The 2011 Goody's Fast Relief 500 was a NASCAR Sprint Cup Series stock car race that was held on April 3, 2011 at Martinsville Speedway in Martinsville, Virginia. Contested over 500 laps, it was the sixth race of the 2011 season. Kevin Harvick from the Richard Childress Racing team won the race, while Dale Earnhardt Jr. finished in the second position ahead of Kyle Busch. Scenes from this particular race are shown in The Simpsons episode "Steal This Episode".

Report

Background

Martinsville Speedway is one of five short tracks to hold NASCAR races. The standard track at Martinsville Speedway is a four-turn short track oval that is  long. The track's turns are banked at eleven degrees, while the front stretch, the location of the finish line, is banked at zero degrees. The back stretch also has a zero degree banking. The racetrack had seats for 63,000 spectators.

Before the race, Carl Edwards led the Drivers' Championship with 187 points, and Ryan Newman stood in second with 178. Kurt Busch followed in third with 177 points, one ahead of Kyle Busch and four ahead of Jimmie Johnson in fourth and fifth. Tony Stewart with 170 was six points ahead of Paul Menard, as Juan Pablo Montoya with 161 points, was four ahead of Kevin Harvick and Matt Kenseth in ninth and tenth. In the Manufacturers' Championship, Toyota, Chevrolet and Ford were in the first three positions with 31 points, 14 ahead of Dodge in fourth. Denny Hamlin was the race's defending champion after winning it in 2010.

Practice and qualifying
Two practice sessions were held in preparation for the race; both on Friday. The first session lasted 80 minutes long, while the second was 90 minutes long. Kyle Busch was quickest with a time of 19.804 seconds in the first session, 0.001 seconds faster than Joey Logano. Harvick was just off Logano's pace, followed by Brad Keselowski, Jamie McMurray, and Jeff Burton. Menard was seventh, still within a second of Busch's time. Also in the first practice session, Johnson spun sideways after the second turn.

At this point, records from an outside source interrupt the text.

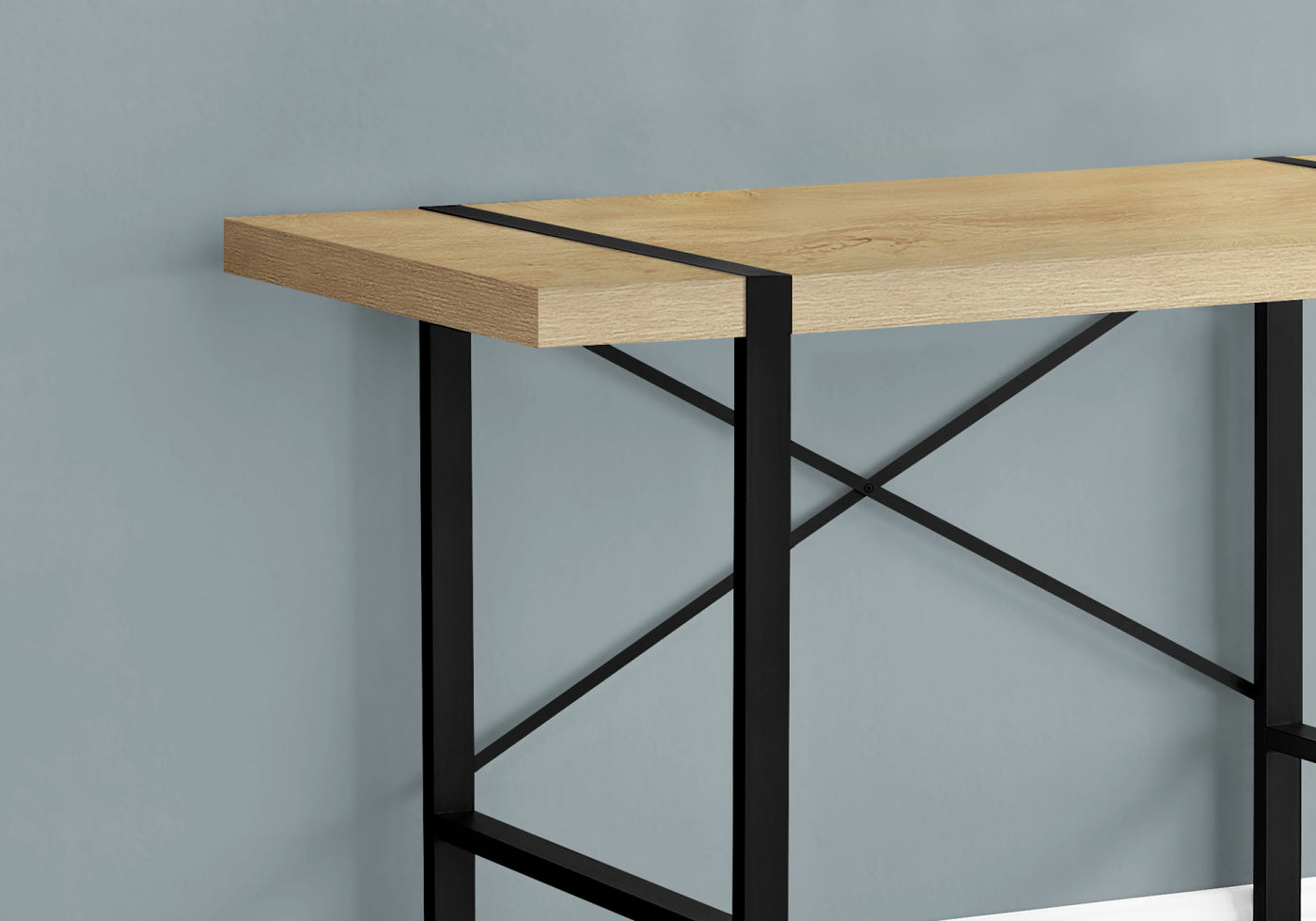 Dray Desk - Natural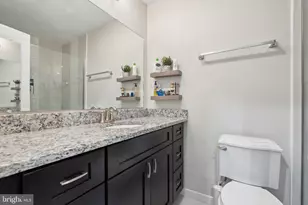163 Choptank Rd, Stafford, VA 22556 - Photo 24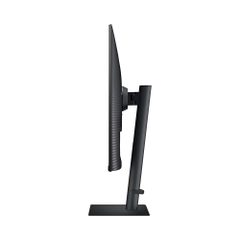 Màn hình Samsung ViewFinity S8 S80PB 32 Inch IPS 4K 60Hz LS32B800PXEXXV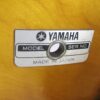 Yamaha 9000GA Real Wood 13/14/18/24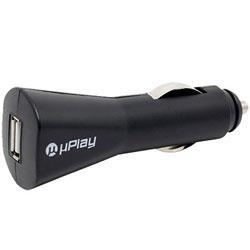Buy Callaway Golf uPro GPS Device Car Charger at www.golfgeardirect.co.uk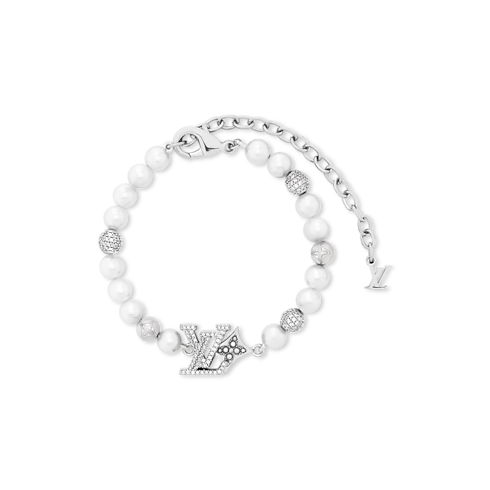 Mocassino Loafer Kensington Uomo Calzature Mocassini | LOUIS VUITTON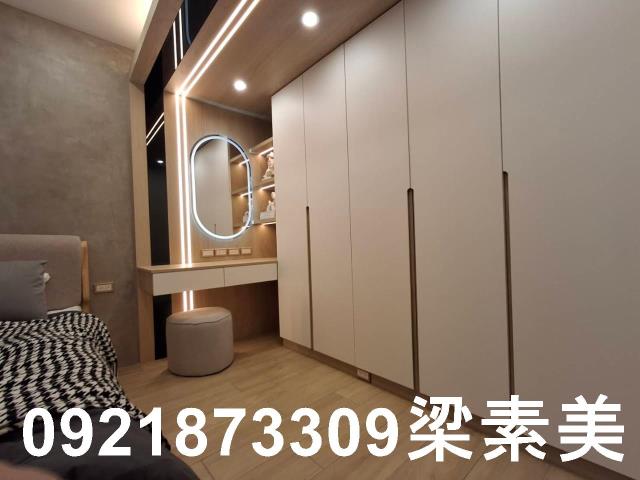 東區公寓-7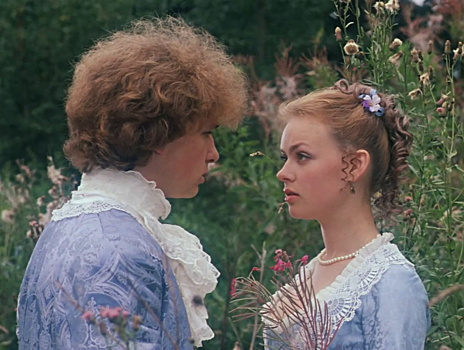 Актрисы, которых изводили мужья-алкоголики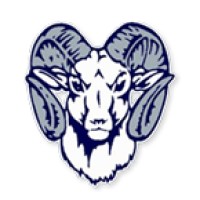 Purnell Swett High School Logo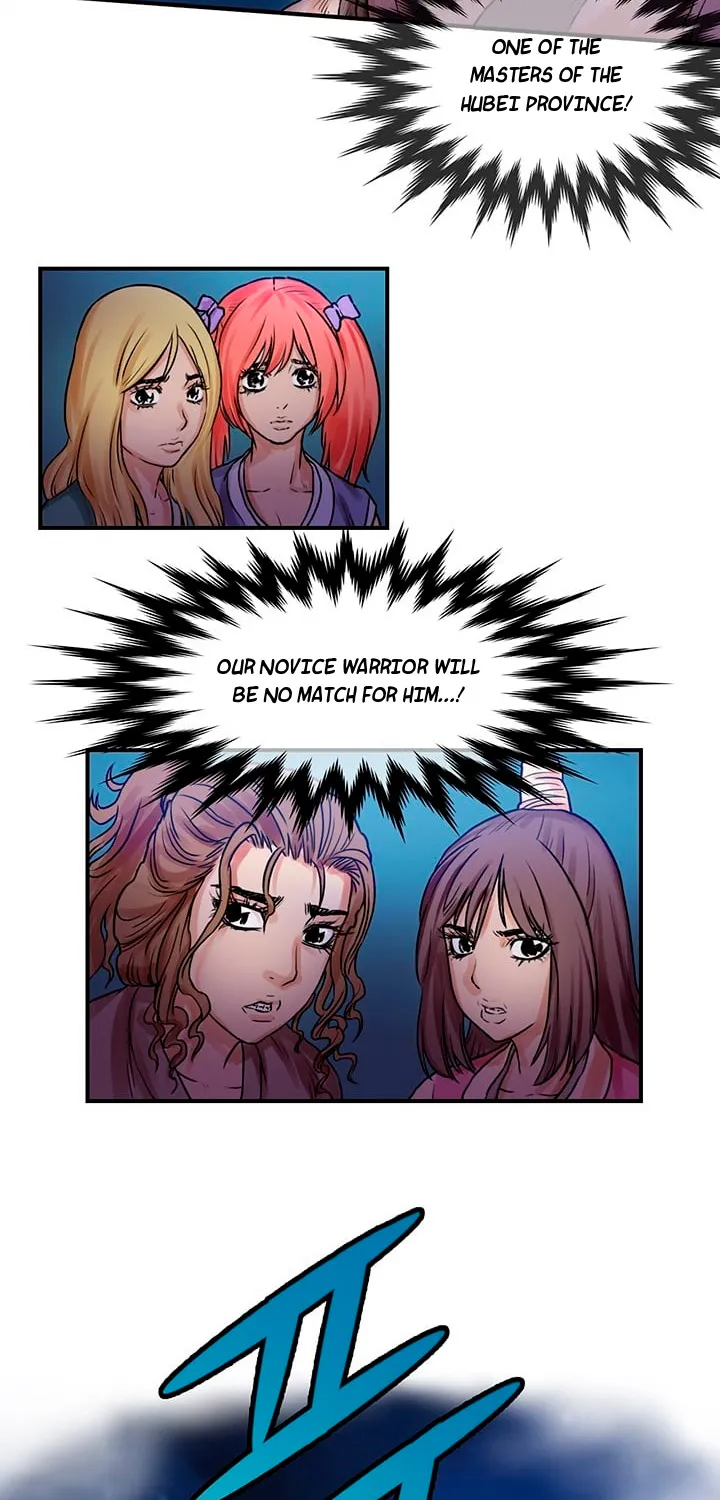 Chapter 19 — page 32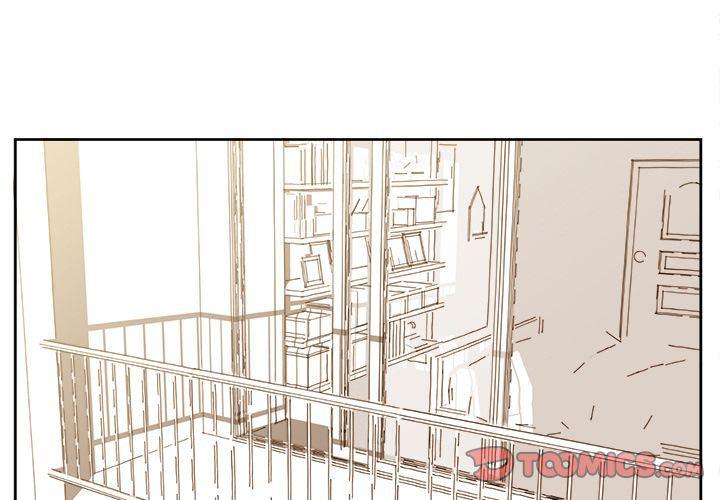 免费耽美漫画韩漫全集-第16话无删减无遮挡章节图片 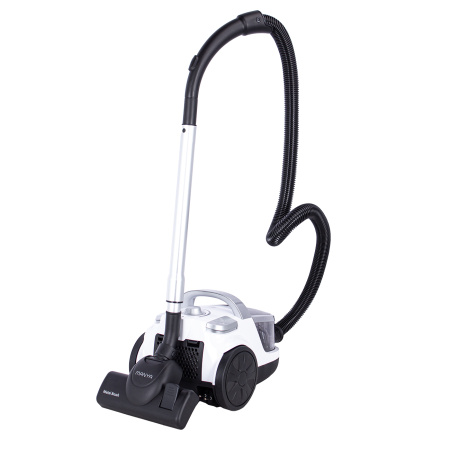 Пылесос Manya VC-2003WS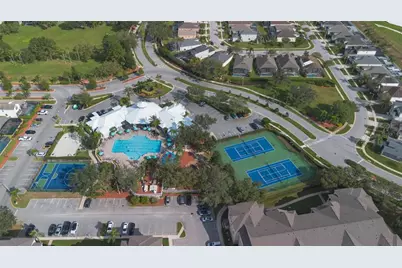 2322 Silver Palm Drive, Kissimmee, FL 34747 - Photo 51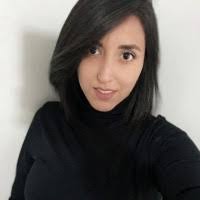 40+ "Carla Mabel" profiles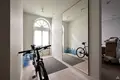 Pomieszczenie biurowe 136 m² Ryga, Łotwa
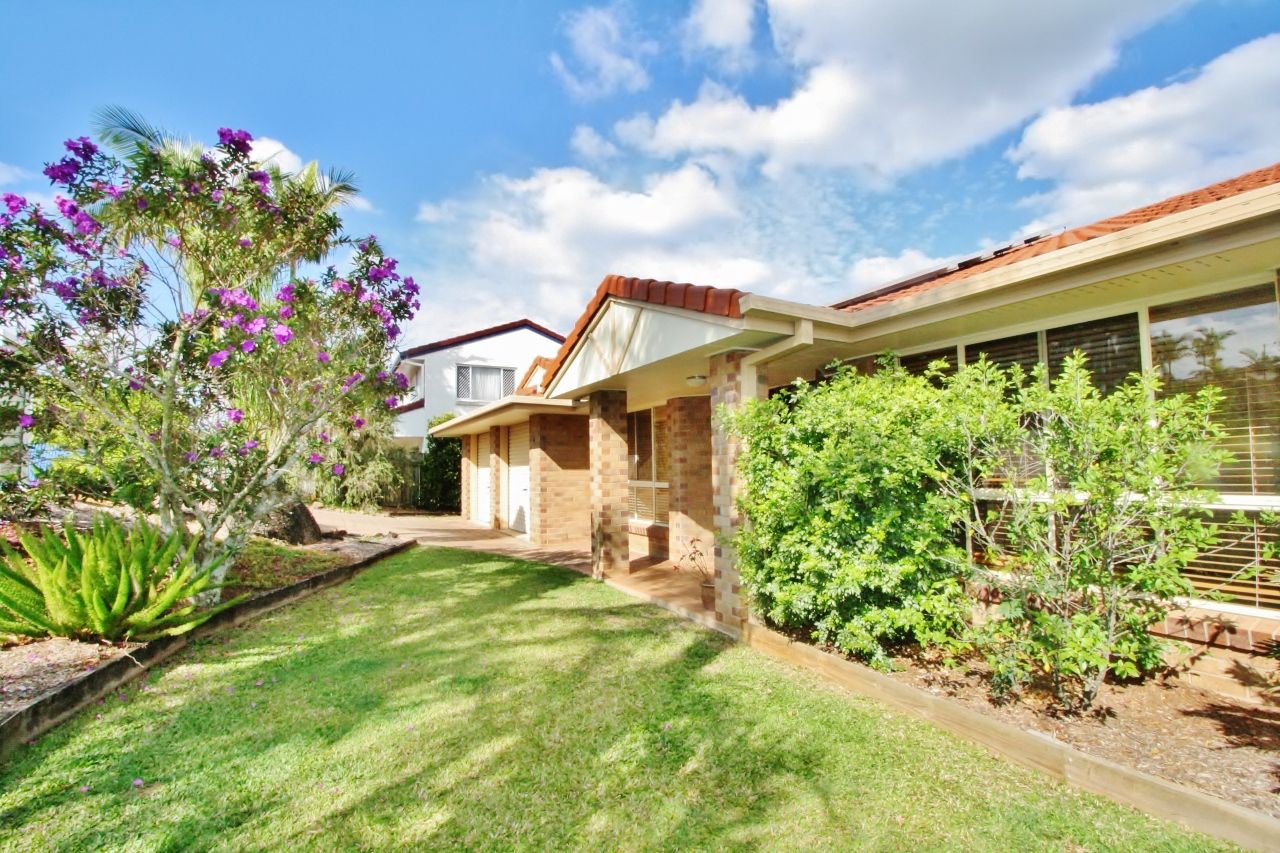4 Ngumi Court, Eight Mile Plains, QLD 4113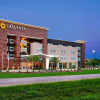 Отель La Quinta Inn & Suites by Wyndham Texas City I 45, фото 23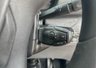 USED 2020 20 VAUXHALL VIVARO 2.0 L2 H1 3100 EDITION S/S CREW VAN  121 BHP 6 SEATS  6 SEATER+AIR CON+BLUETOOTH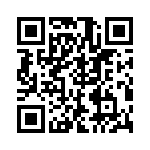 RJSNEJ38V08 QRCode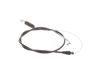 8843774-3-S-Toro-112-8817-Cable-traction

In the second and final practice, David Ragan was quickest with a time of 19.670 seconds. Jeff Gordon followed in second, ahead of Keselowski and David Reutimann. Kasey Kahne was fifth quickest, with a time of 19.764 seconds. Ryan Newman, Bobby Labonte, Marcos Ambrose, Brian Vickers, and A. J. Allmendinger rounded out the first ten positions. Kyle Busch, who was first in the first session, could only manage 23rd. The second session also had cautions because of spins. The drivers involved were Logano and Dennis Setzer.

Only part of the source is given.